InsMT+ Results for OAEI 2015 Instance Matching

                       Abderrahmane Khiat1 , Moussa Benaissa1

          LITIO Laboratory, University of Oran1 Ahmed Ben Bella, Oran, Algeria
        abderrahmane khiat@yahoo.com , moussabenaissa@yahoo.fr


       Abstract. The InsMT+ is an improved version of InsMT system participated
       at OAEI 2014. The InsMT+ an automatic instance matching system which con-
       sists in identifying the instances that describe the same real-world objects. The
       InsMT+ applies different string-based matchers with a local filter.
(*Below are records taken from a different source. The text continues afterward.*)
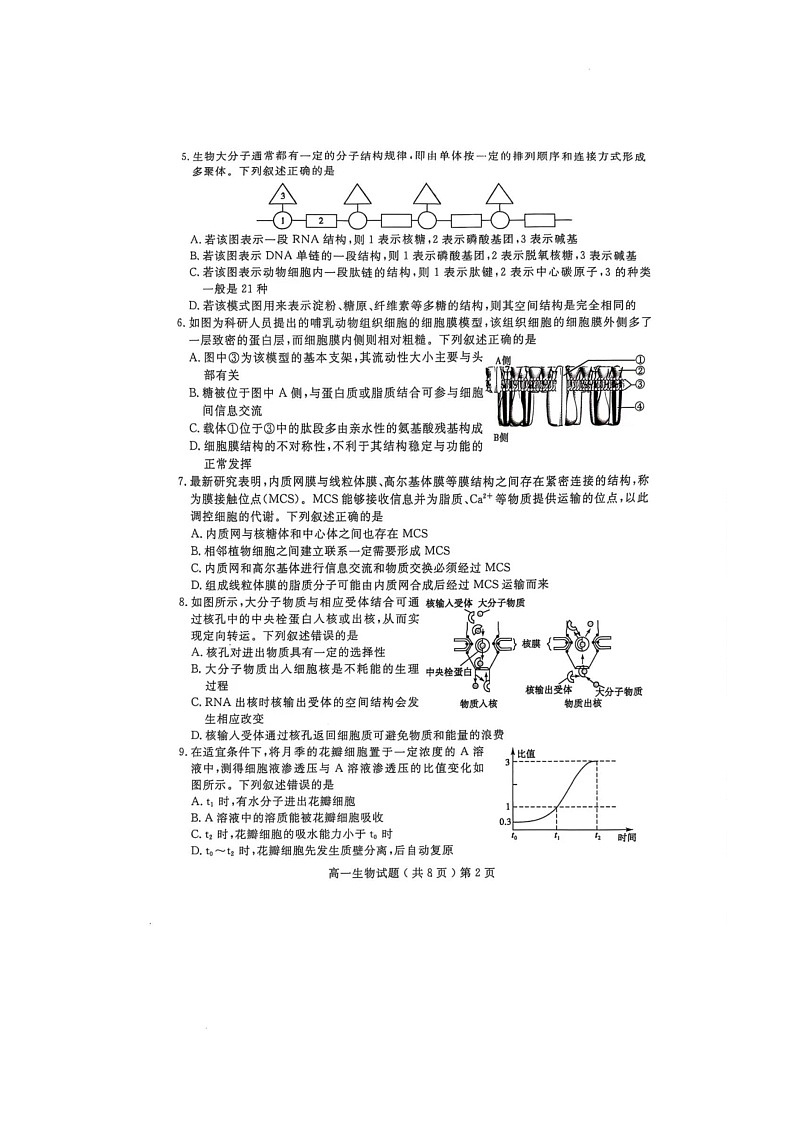 山东省聊城市2024-2025学年高一上学期1月期末考试生物试卷（PDF版附答案）第2页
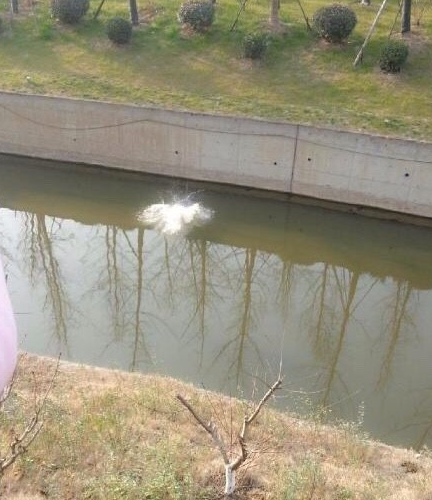 南京女子裸体跳河_女子救出众人围观无人拉救人哥上岸_365经典网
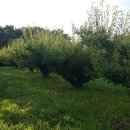 종주농장 이미지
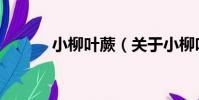 小柳葉蕨(關于小柳葉蕨簡介)
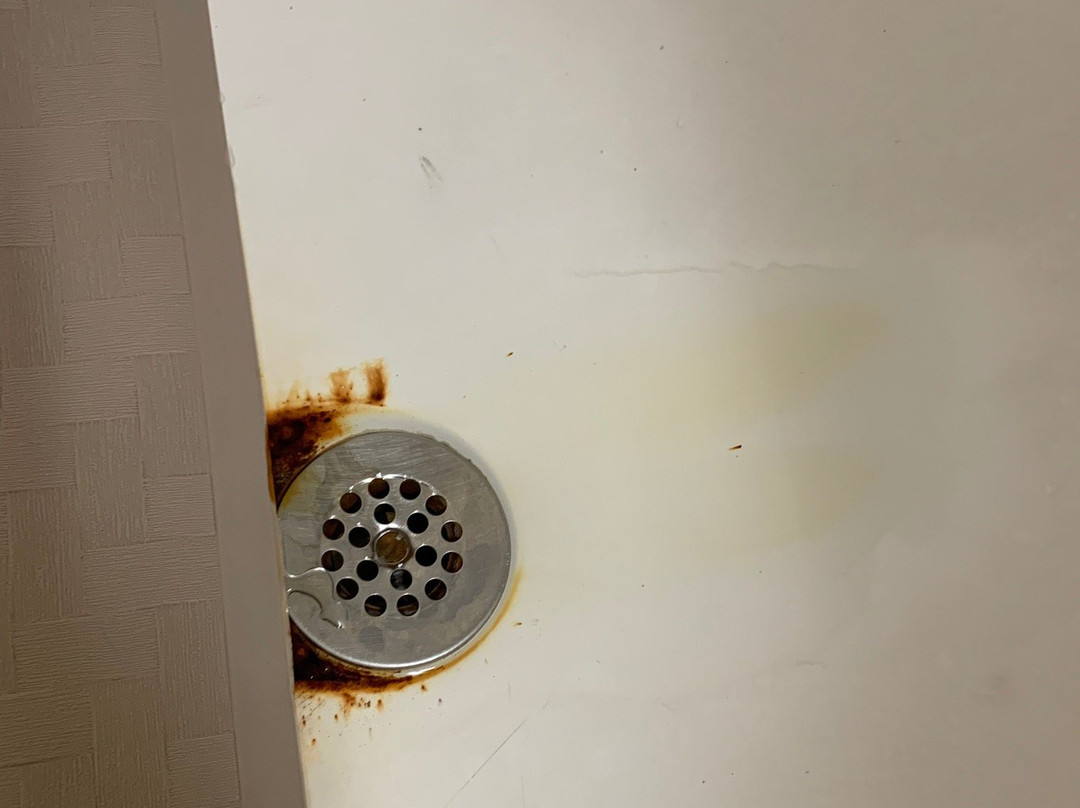 Microtel Inn & Suites by Wyndham Wilson主图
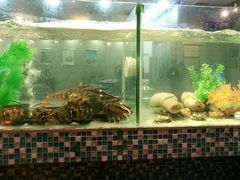 水产区-巽寮印象美食部落餐厅·海鲜·地方特色菜(惠州体验店)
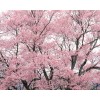 供應：櫻花、西府海棠、紅寶石海棠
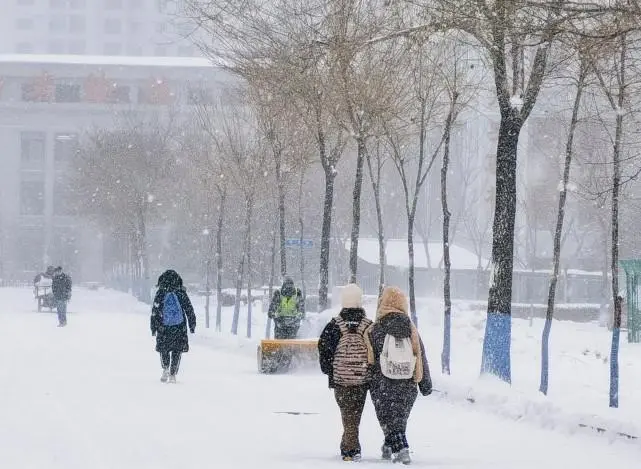 黑龙江多地遭遇暴风雪，给当地造成了哪些影响？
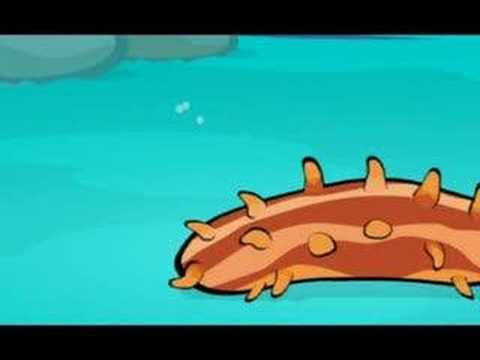 Sea Cucumber - Episode 1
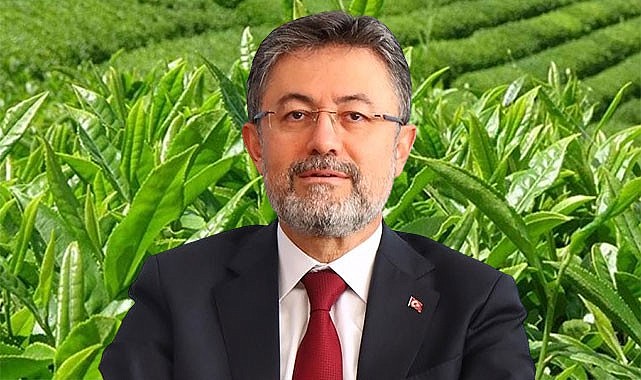 Bakan Yumaklı yaş çay fiyatı için makul bir alım fiyatı dedi
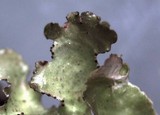 Tuckermanopsis orbata image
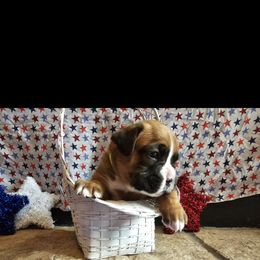 Boxer and Shih Tzu Puppies from L&L European Boxers and Shih Tzus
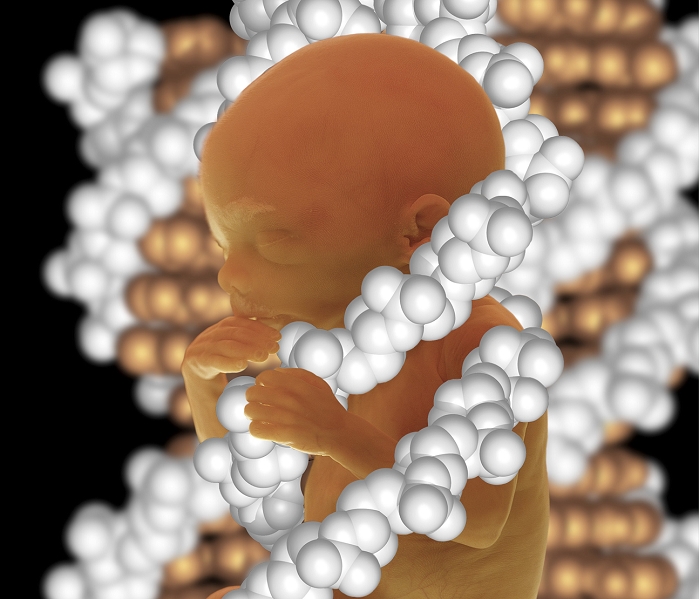 Genetic engineerings. Conceptual composite image representing human genetic engineering, research and cloning. A five month old foetus is seen entwined with a molecular model of DNA (deoxyribonucleic acid). DNA is the chemical which controls the growth and development of all living things, and is responsible for passing hereditary characteristics from parents to their offspring.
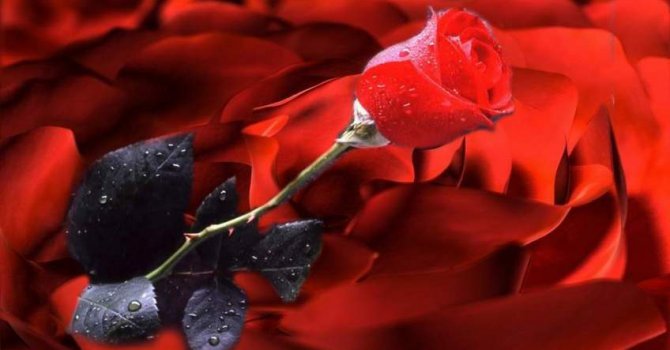 Fazilet örneği bir kadın...Hz. Âsiye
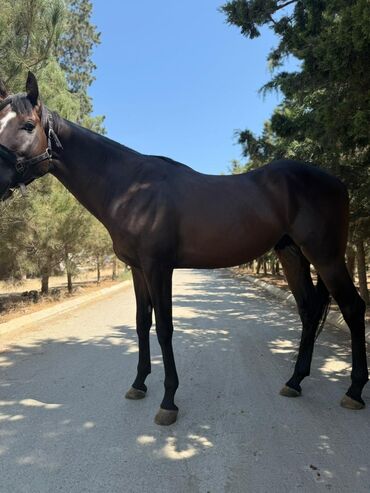 Atlar: Temiz qan Ingilis atidir .Pasportlu.boy 1.80 sm.Atasi meshur — 7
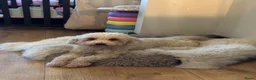 Kruising honden te koop: Labradoodle pups mini - Advertentie 3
This is the
       second participation of our system and we have improved somehow the results
       obtained by the previous version.

       Keywords: Terminological Techniques, String Based Similarity, Instance Map-
       ping, Instance Matching, Linked Data, Web of Data, Semantic Interoperability,
       Semantic Web.


1     Presentation of the System
1.1   State, Purpose, General Statement
The objective of Linked Data with the emergence of the Web of Data is to interlink
semantically data together in order to be reused and processed automatically by the
software agents. These data described by instances are heterogeneous and distributed.
The Instance matching is a very necessary task in Linked Data; it aims to identify the
instances that describe the same real-world objects.
    The enormous volume of data already available on the web and its continuity to
increase, requires techniques and tools capable to identify the instances that describe
the same real-world objects automatically.
    In this paper, we describe InsMT+ an improved version of our InsMT system which
participated in OAEI 2014. This second version consists to apply different string-based
matchers with a local filter. The second version shows good results better than the
previous one but still not very satisfiable. The details of each step of our system are
described in the following section.

1.2   Specific Techniques Used
The process of our system consists in the following successive steps.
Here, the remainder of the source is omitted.